The new McDonald’s in Piccadilly Gardens features digital menu boards, tablet computers on some tables and the option to use either the traditional till services or self-order kiosks where you can browse the entire menu on touch screens, place your order, pay by card or contactless, then go straight to a designated area of the counter to pick up your order.
“…check-out staff never say those five words we all dread – ‘unexpected item in bagging area’”
Touch-screen ordering at McDonald’s has actually been around for a while but it’s being rolled out across the country and has finally arrived in Manchester city centre.
It won’t make any difference to me. It’s quite a while since I ate in a McDonald’s. Such a long time, in fact, that the last time I ate there, Ronald McDonald was just a lad. It’s not just a McDonald’s thing. I’ve never eaten at a Burger King.
It’s not because I don’t like burgers. I like a good burger as much as the next man or woman. It’s just that I try to eat healthily, so I don’t eat them very often. When I do, I prefer to pay a bit more for something a bit more, well, gourmet. Filthy Cow, for example, where a burger costs double a Big Mac but tastes 10 times better, in my humble opinion.

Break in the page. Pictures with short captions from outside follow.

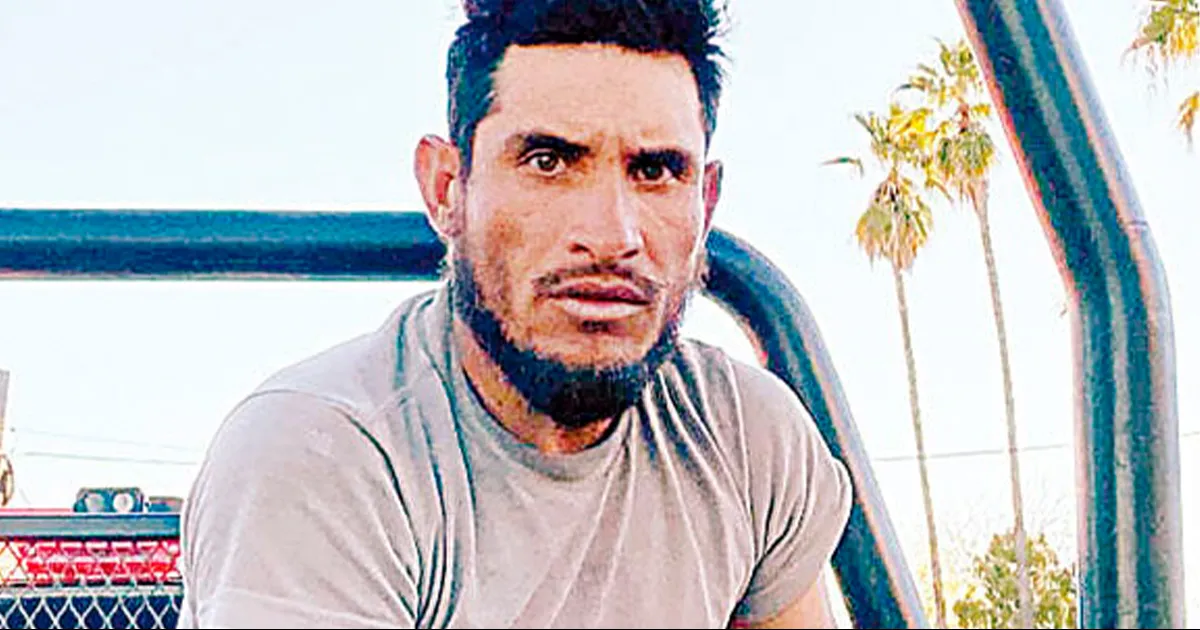 Luego de ser fuertemente golpeado por dos agresivos sujetos justo cuando salía de los cajeros del banco.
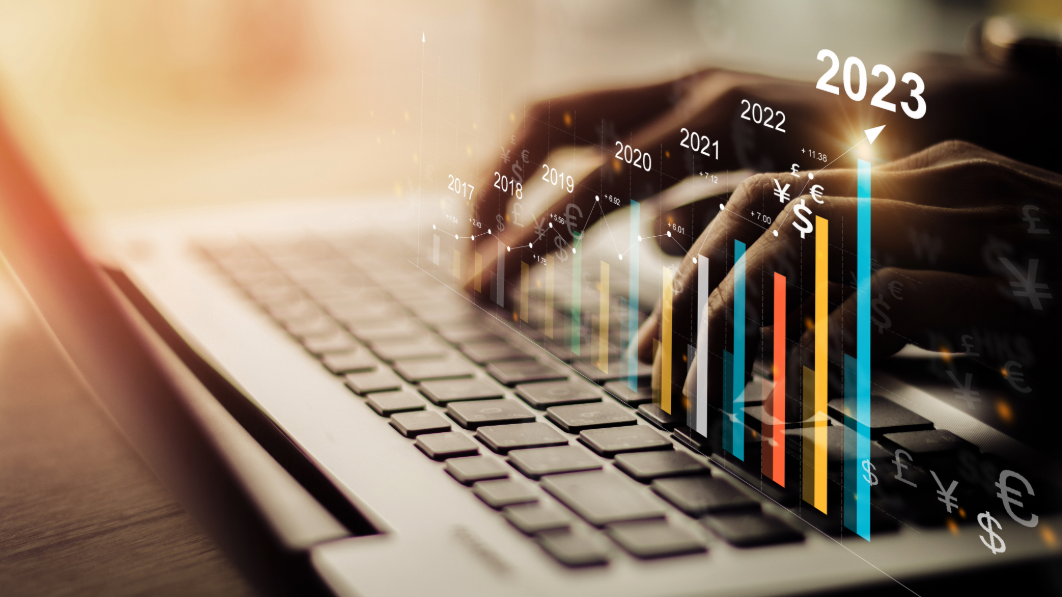 Grafik: Balkendiagramme in bunten Farben, die aus einem Notebook aufsteigen 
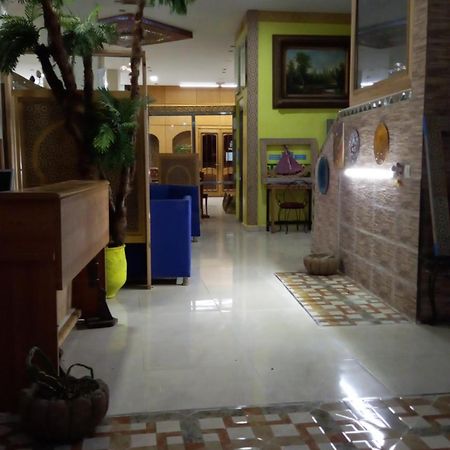 Ryad Tetouan Aeroport Extérieur photo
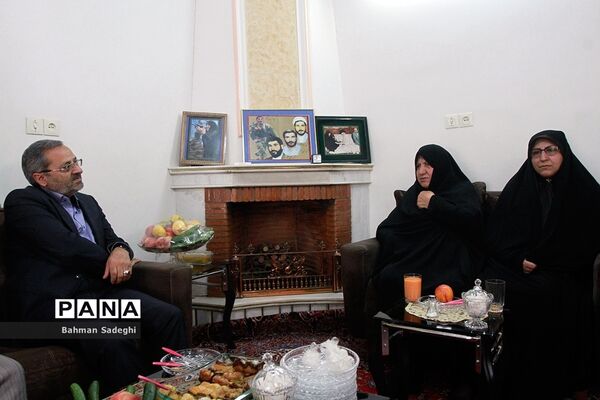 دیدار معاون پرورشی و فرهنگی وزارت آموزش و پرورش با خانواده شهیدان قمی و مظفر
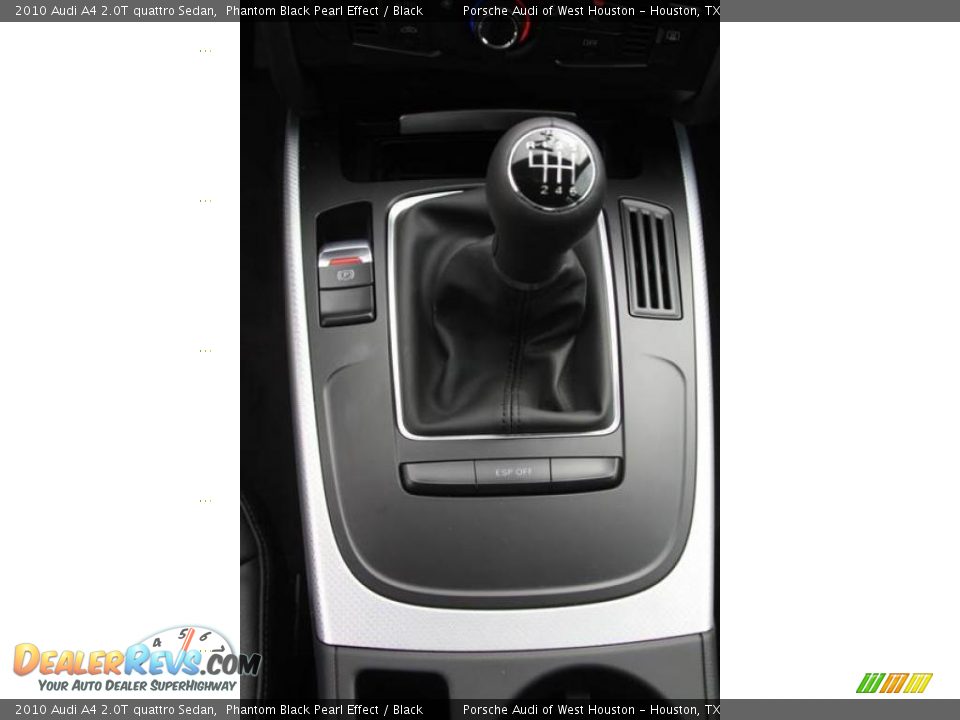 2010 Audi A4 2.0T quattro Sedan Phantom Black Pearl Effect / Black Photo #16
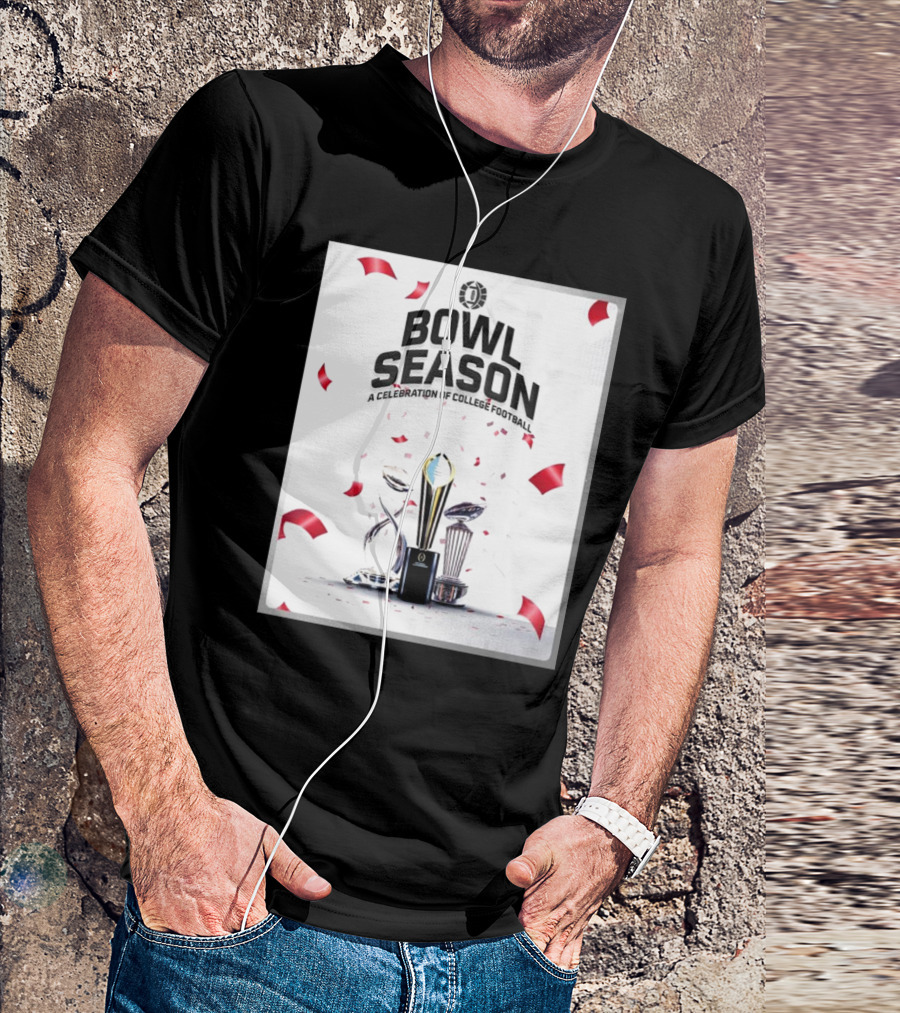 Bowl Season 2025 Celebration Of College Football Trophies And Confetti T-Shirt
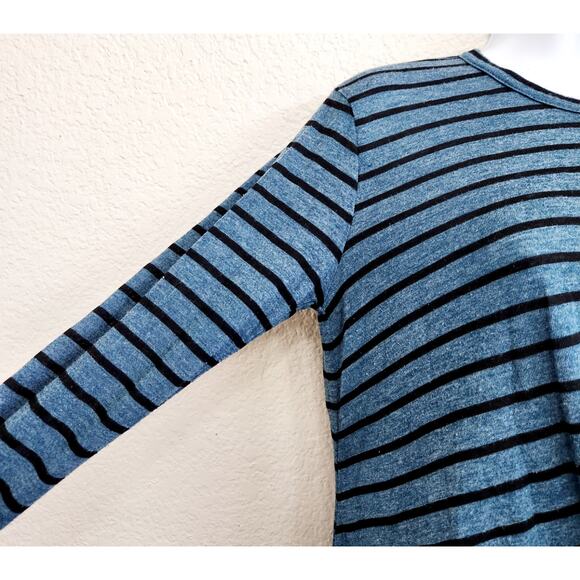 Stateside Blue Black Striped Twisted Hem Round Neck Top Medium Lightweight - Picture 3 of 6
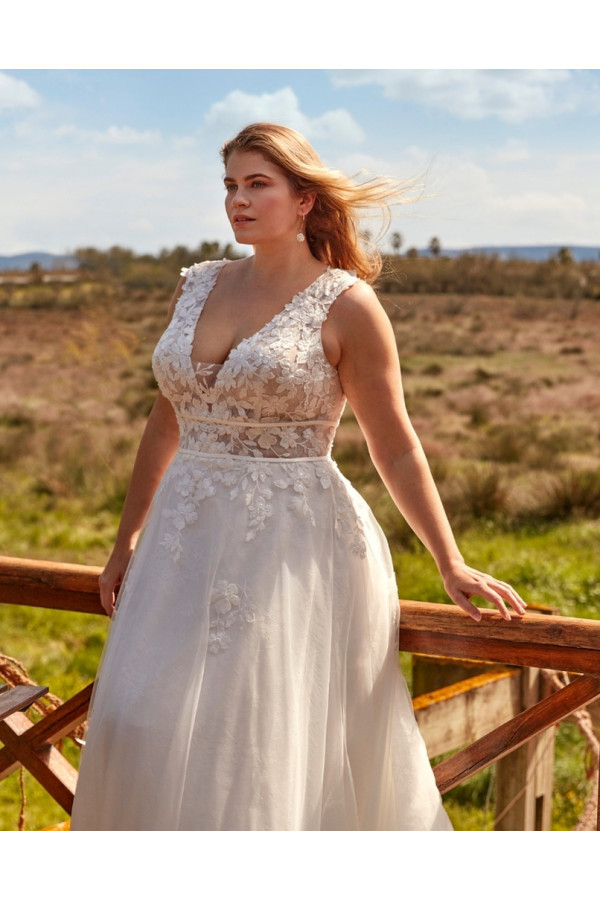 Abito da sposa avorio in tulle e pizzo morbido i Fara Sposa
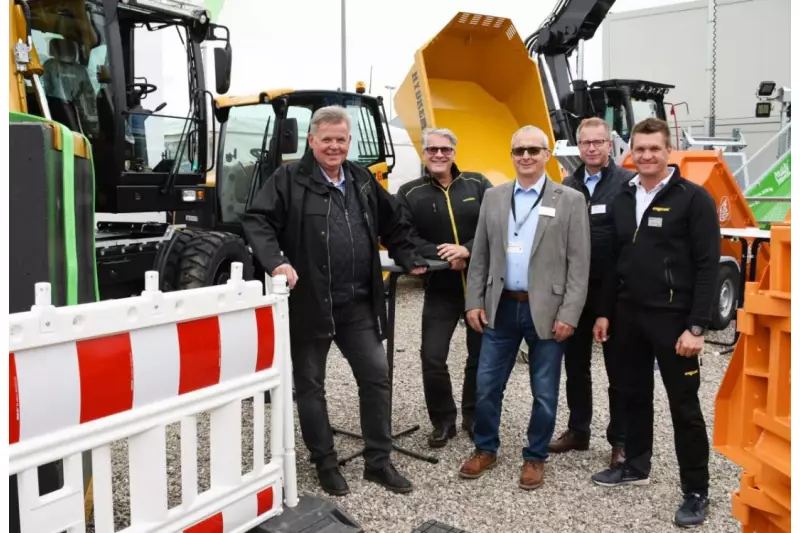 Mit Manske-PMS als neuen Partner gewinnt Hydrema frische Vertriebspower im Norden. V.l.: Martin Werthenbach, Vertriebsleiter Hydrema, Oliver Pape, Regionaler Verkaufsleiter Hydrema, Hans-Peter Möller, Geschäftsführer Manske-PMS, Torsten Hildebrandt, Vertriebsverantwortlicher bei Manske-PMS, Stefan Kohtz, Geschäftsführer SKS und Promoter von Engcon.
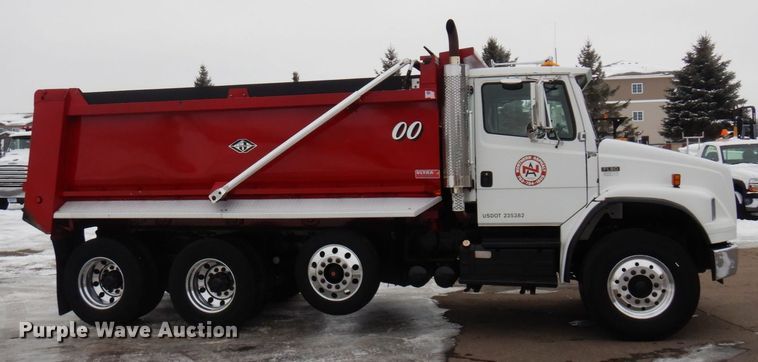 image for item AF9292 2000 Freightliner FL80  dump truck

Another reason I don’t go there is choice. If I want a quick, cheap meal, I can choose from burritos, falafel, a pizza slice, sushi, noodles and lots more. Back in 1983 when McDonald’s arrived in Manchester, the competition was hardly fierce – the chippy and Wimpy, compared to which McDonald’s seemed positively glamorous.
As for automated self-service, I’m happy to serve myself in certain situations. ATMs are great, and I don’t mind using a machine to buy my tram ticket.
But when it comes to shopping, call me old fashioned, but, given the choice, I would rather be served by a person than a machine. Supermarket check-out staff never break down, at least not in public, and are less likely to be out of order than a self-service checkout. (The only out of order check-out staff I ever encounter are those who spend ages chatting to the customer in front of me who happens to be their next door neighbour).
And check-out staff never say those five words we all dread – ‘unexpected item in bagging area’.
When supermarkets introduced self-service tills, I refused to use them and swore I never would. I was being asked to do the job of a paid employee. No way was I going to do that. I steadfastly refused to use them for ages.
Eventually I gave in. Now I use them if it means I don’t have to queue at an ordinary checkout. That’s what self-service should be all about. Avoiding queues.
It looks like self-service is here to stay and it can’t be long before other restaurants follow suit. If I ever find myself in a McDonald’s, which is unlikely but not impossible, I’ll take the self-service option, but only if there’s a queue to be served at the counter. But God help them if I ever find an unexpected gherkin in my burger area.